START Collected material
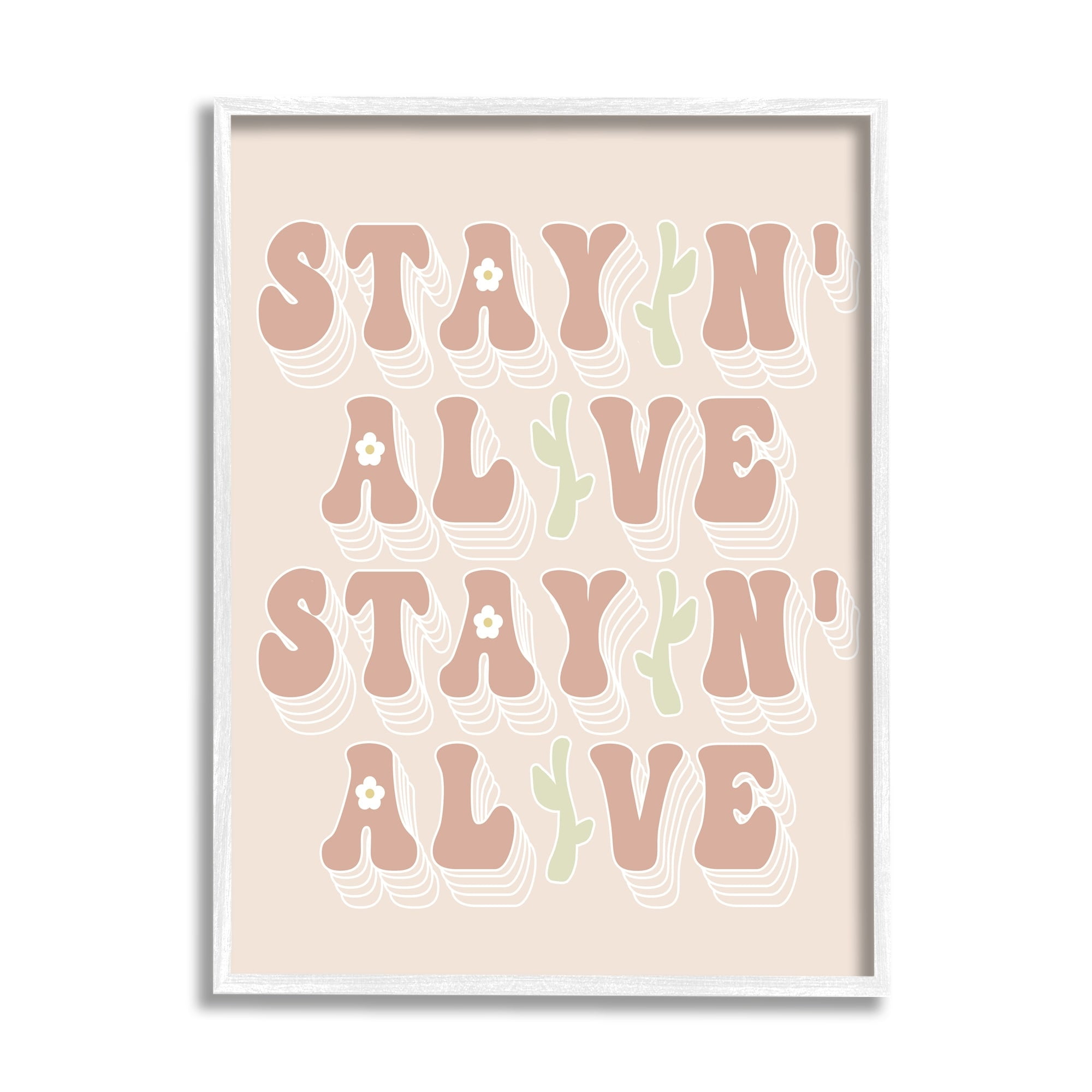 Stupell Industries Stayin' Alive Groovy Gardening Plant Text Quote Framed Wall Art, 24 x 30, Design by Lil' Rue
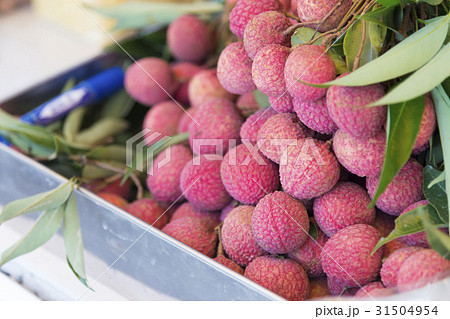 The lychees in the tray.Thai fruit The lychees in the tray.Thai fruit 31504954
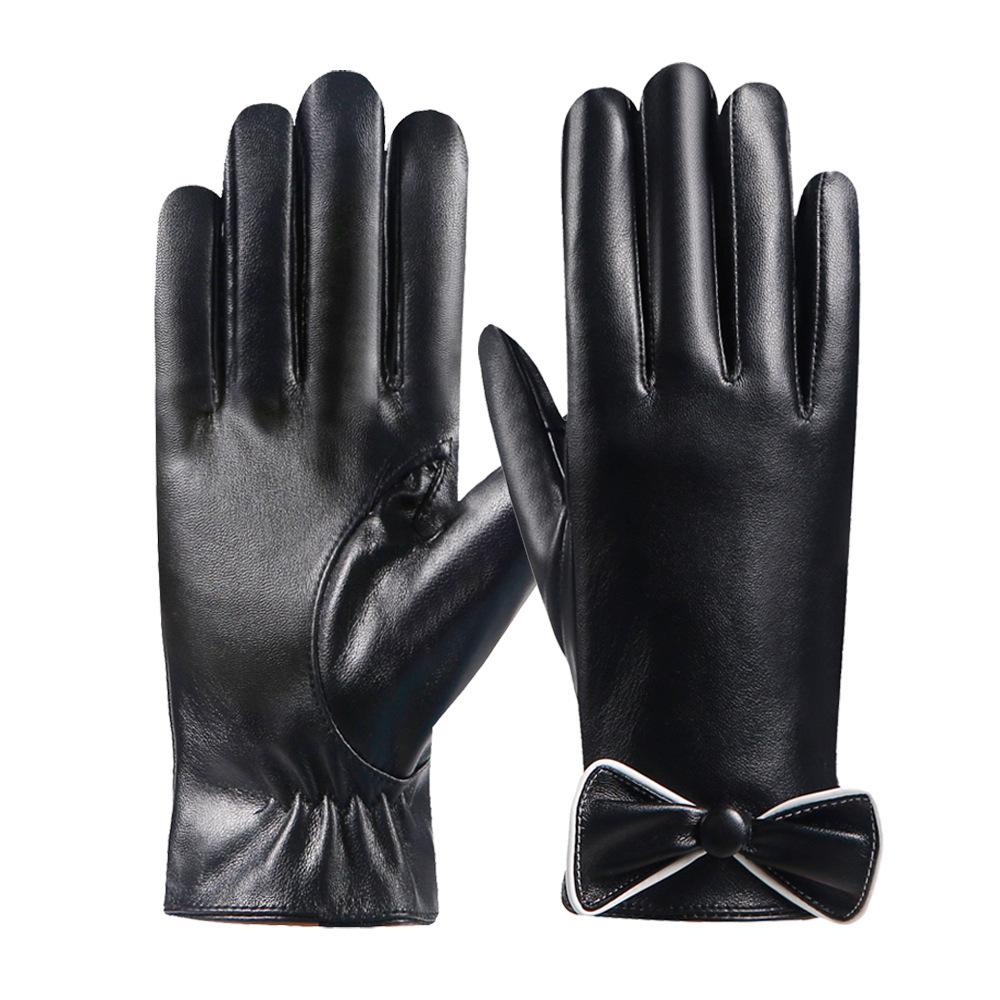 Autumn and Winter Warm Gloves for Women PU Leather Bow Plus Velvet Thickened Cold and Windproof Outdoor Driving Touch Screen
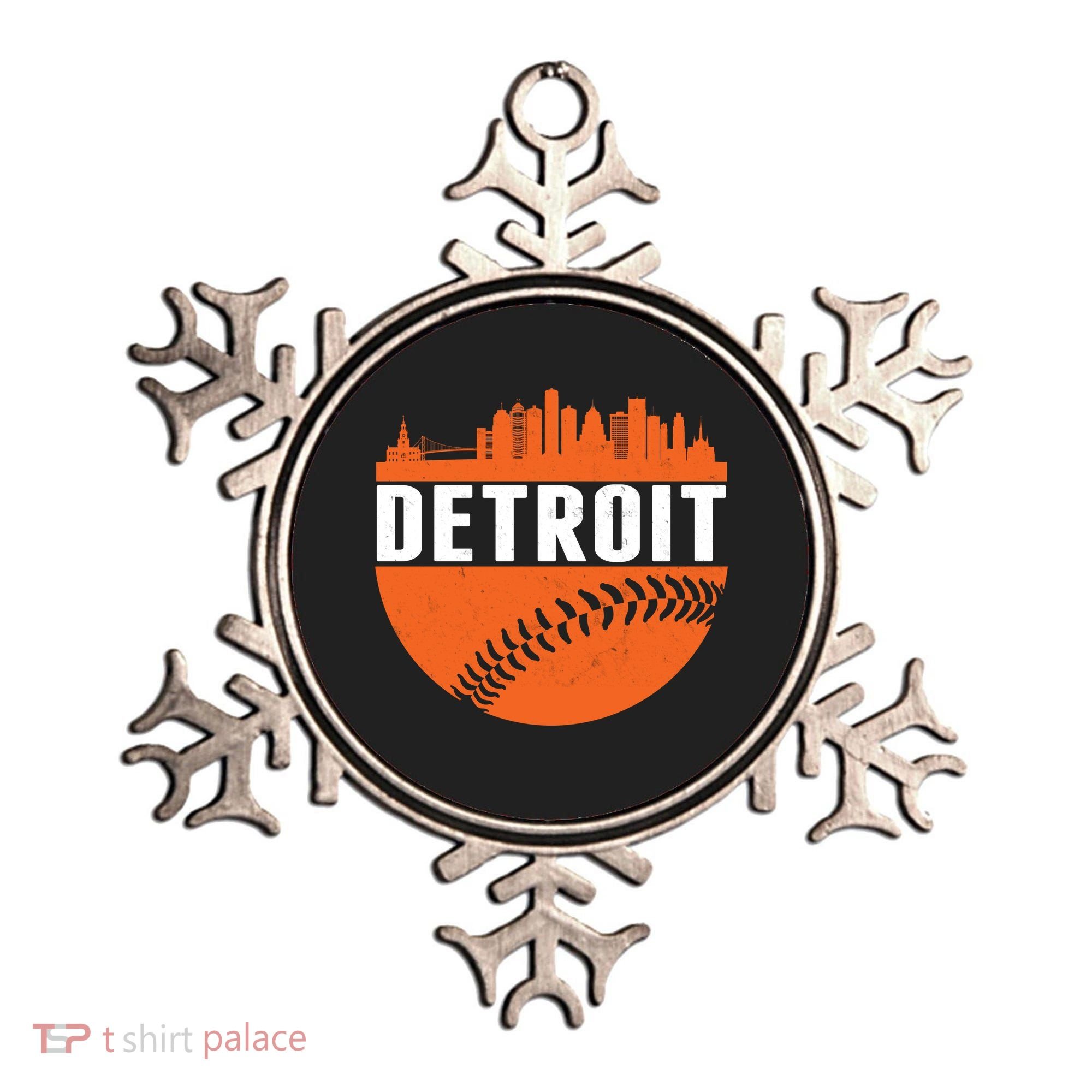 Classic Detroit Skyline Baseball  Ornament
END Collected material
- **Required work**
The whole of the data needs to be copied word for word, though not its pictures.

- **Exercise result**
 Stupell Industries Stayin' Alive Groovy Gardening Plant Text Quote Framed Wall Art, 24 x 30, Design by Lil' Rue
 The lychees in the tray.Thai fruit The lychees in the tray.Thai fruit 31504954
 Autumn and Winter Warm Gloves for Women PU Leather Bow Plus Velvet Thickened Cold and Windproof Outdoor Driving Touch Screen
 Classic Detroit Skyline Baseball  Ornament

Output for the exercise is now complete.